On 24/07/12 12:24, Michael Brunnbauer wrote:
Hello Andy,
On Tue, Jul 24, 2012 at 01:13:59PM +0200, Michael Brunnbauer wrote:
BTW: Here is some output from tdbloader2 for this TDB which shows that
the tdbloader2 data phase runtime gets quite non-linear for very big datasets.
I called tdbloader2 with JVM_ARGS="-Xmx32768M -server" and it did not seem to
run into memory problems.
I should be more specific here: Whenever I watched it after 10^9 quads it was
doing disk IO (i think mostly writes, probably to node2id.dat and nodes.dat).
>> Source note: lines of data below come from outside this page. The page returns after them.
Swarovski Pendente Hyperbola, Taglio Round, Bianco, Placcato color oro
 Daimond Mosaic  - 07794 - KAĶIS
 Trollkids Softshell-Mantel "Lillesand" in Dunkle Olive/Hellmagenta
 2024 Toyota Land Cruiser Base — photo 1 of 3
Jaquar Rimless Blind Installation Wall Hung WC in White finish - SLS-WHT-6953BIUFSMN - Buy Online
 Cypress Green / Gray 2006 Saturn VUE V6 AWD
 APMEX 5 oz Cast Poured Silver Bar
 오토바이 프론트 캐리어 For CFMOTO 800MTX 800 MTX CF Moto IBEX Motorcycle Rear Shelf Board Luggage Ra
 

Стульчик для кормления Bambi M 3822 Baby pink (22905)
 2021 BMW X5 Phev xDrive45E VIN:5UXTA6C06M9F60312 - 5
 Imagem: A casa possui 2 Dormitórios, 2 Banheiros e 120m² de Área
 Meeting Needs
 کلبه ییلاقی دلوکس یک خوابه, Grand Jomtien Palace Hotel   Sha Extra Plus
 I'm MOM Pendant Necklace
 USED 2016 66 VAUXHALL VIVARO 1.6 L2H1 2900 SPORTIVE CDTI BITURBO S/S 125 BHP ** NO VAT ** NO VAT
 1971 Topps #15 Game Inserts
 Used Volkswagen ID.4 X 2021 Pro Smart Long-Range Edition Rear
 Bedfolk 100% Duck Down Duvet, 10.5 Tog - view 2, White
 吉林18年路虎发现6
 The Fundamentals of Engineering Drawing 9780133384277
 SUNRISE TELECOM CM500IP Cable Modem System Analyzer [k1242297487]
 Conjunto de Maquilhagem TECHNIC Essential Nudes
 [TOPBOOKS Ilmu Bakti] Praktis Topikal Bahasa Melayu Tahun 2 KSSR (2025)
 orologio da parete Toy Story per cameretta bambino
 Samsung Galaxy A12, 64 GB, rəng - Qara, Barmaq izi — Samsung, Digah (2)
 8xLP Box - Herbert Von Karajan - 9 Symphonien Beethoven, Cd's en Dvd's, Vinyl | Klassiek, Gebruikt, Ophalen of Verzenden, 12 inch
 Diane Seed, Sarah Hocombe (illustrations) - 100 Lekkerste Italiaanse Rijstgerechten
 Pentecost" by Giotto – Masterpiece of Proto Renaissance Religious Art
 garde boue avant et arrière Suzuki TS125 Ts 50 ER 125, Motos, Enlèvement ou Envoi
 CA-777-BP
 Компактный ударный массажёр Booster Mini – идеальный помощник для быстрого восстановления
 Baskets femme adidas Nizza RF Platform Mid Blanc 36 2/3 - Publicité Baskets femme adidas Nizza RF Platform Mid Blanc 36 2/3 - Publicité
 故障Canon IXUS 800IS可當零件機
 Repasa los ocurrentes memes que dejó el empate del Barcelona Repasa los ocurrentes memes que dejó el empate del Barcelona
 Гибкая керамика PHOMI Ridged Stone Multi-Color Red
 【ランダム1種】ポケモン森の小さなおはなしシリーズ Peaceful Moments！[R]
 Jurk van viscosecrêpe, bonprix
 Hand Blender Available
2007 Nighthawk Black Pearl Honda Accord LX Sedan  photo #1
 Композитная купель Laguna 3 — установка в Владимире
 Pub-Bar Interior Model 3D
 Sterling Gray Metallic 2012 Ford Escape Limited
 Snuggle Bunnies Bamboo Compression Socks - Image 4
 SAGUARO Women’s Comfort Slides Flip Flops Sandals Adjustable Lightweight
Would it be possible to generate node2id.dat and nodes.dat without random
access ?
(see also tdbloader4)
Yes - it looks like the node file, part of which is a B+Tree of hash
(128 bits) to NodeId. This is used to see if the node has already been
encountered. There is a cache - maybe this needs greatly increasing in
size or a more explicit in-memory structure fronting the node table for
bulk loading. At query time, this isn't such an important lookup.
How big are the node* files (node2id.dat, .idn, nodes.dat) in the
resulting database in this case?
Andy
Regards,
Michael Brunnbauer